Oireachtas Joint and Select Committees

Wednesday, 30 May 2018

Joint Oireachtas Committee on Future of Mental Health Care

A Vision for Change: Engagement with Department of Health Oversight Group

5:30 pm

Photo of Maire DevineMaire Devine (Sinn Fein) | Oireachtas source

The witnesses are charged with refreshing and reviewing A Vision for Change. I am blue in the face, however, from talking about documents which go nowhere. A Vision for Change is 12 years old. Psychiatric nurses were excited when it was first launched because we had an input into it. However, it was realised it was just used as a fiscal scalpel towards services and not the rolling out of up to 70% of community services. How can this be refreshed by the oversight group if its recommendations were never implemented in the first place?

I get disheartened because the issue rolls on with report after report with no action. When we established this committee, we said it would be a committee of action. However, it is just rolling on with talk and reviews. I apologise if I seem to be giving out but it is frustrating and action is needed. Earlier the Seanad debated the Seanad Public Consultation Committee report on children's mental health services, which was produced under the stewardship of the Chairman and we called for her Mental Health (Amendment) Bill 2016 to be enacted as soon as possible to stop children being nursed in adult psychiatric units.

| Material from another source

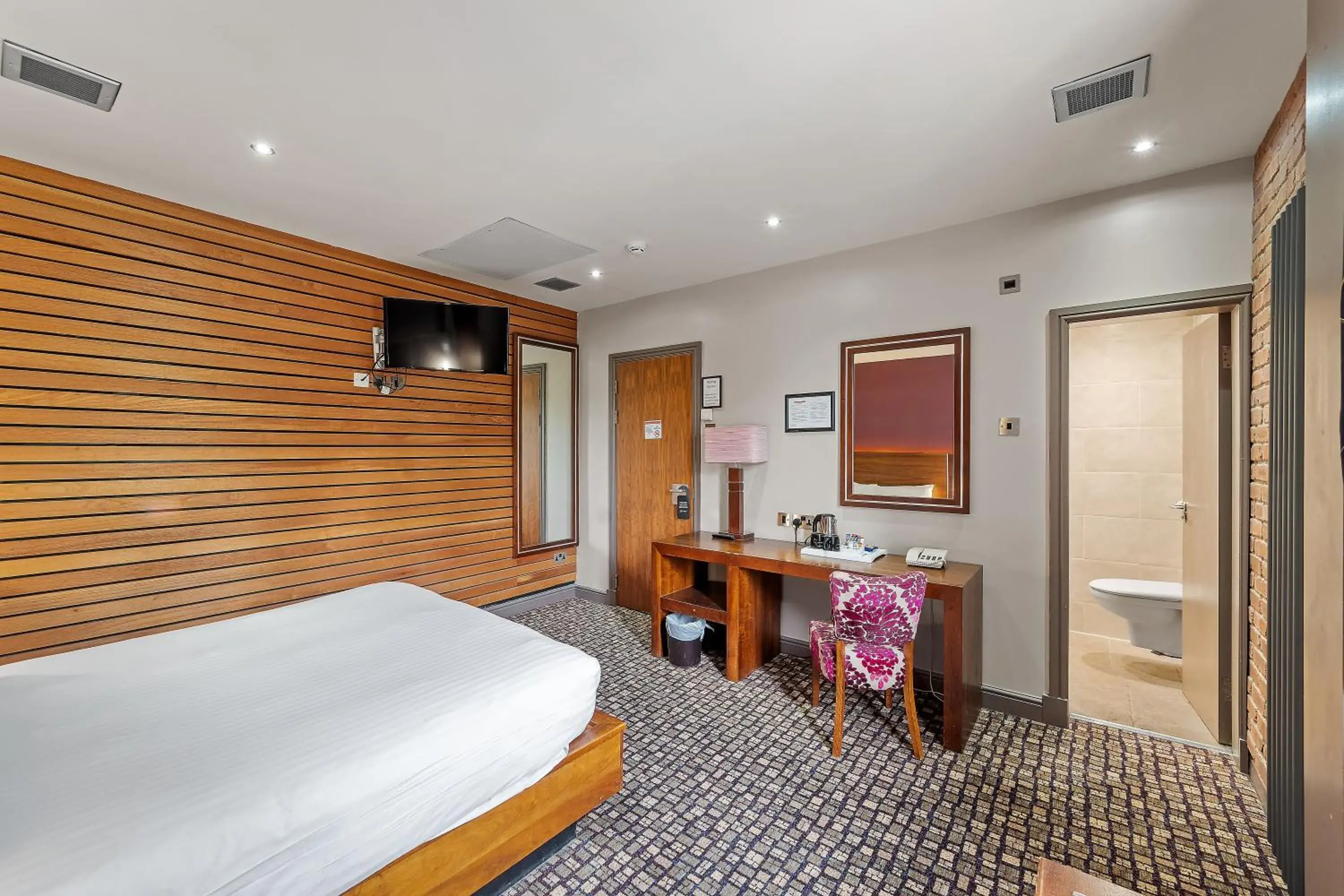 Photo of the whole room, Bed in The Rutland Hotel Photo of the whole room, Bed in The Rutland Hotel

It is possible but there is no political will to do it. That is an action that is doable but we are not even getting timelines. There are lots of barriers but there is a significant amount of legislation that could be enacted. I am sorry for ranting.

Professor Harry Kennedy from the Central Mental Hospital was here last week, along with witnesses from the Irish Penal Reform Trust and others. He was of the opinion that we should scrap A Vision for Change but I disagree with him. I do not think we have the right to scrap what is a decent document that requires implementation. He believes the document does nothing to address the issue of prisoner mental health, the rise in psychosis among prisoners or the fact that our prisons are becoming our new mental institutions because of the closure of so many long-term mental health facilities. I asked Professor Kennedy to be proactive and to write to the oversight group for A Vision For Change. I also urge the oversight group to write to him. He is a very able individual with some very useful ideas. However, I urge the oversight group not to take up his idea of scrapping A Vision for Change and starting again because we do not have the luxury of the time to do so.

A lot of research has been conducted by the Royal College of Surgeons in Ireland in collaboration with the Psychiatric Nurses Association, whose members have on-the-ground experience. A study was published in recent years which showed that 73% of the recommendations in A Vision for Change had not been implemented. I was very cynical when the oversight group was set up because I thought it signalled more of the same. I hope that the oversight group is using the evidence provided by the aforementioned study as guidance in its work.

I was quite impressed with the oversight group's work plan, which is just like the care plans that are drawn up in hospitals. It identifies the problems, the objectives, the dates and how we will get where we want to go. I would love to see all of the boxes filled out and ticked off. There was a suggestion that five town hall meetings would be rolled out across the country, which I welcome. I recommend the use interactive materials at those meetings and urge the oversight group to invite questions from participants and to get their feedback, either directly or through applications like Mentimeter. It is important to reach out to as many people as possible. Most importantly, I urge the group to hurry up and to carry out its work quickly.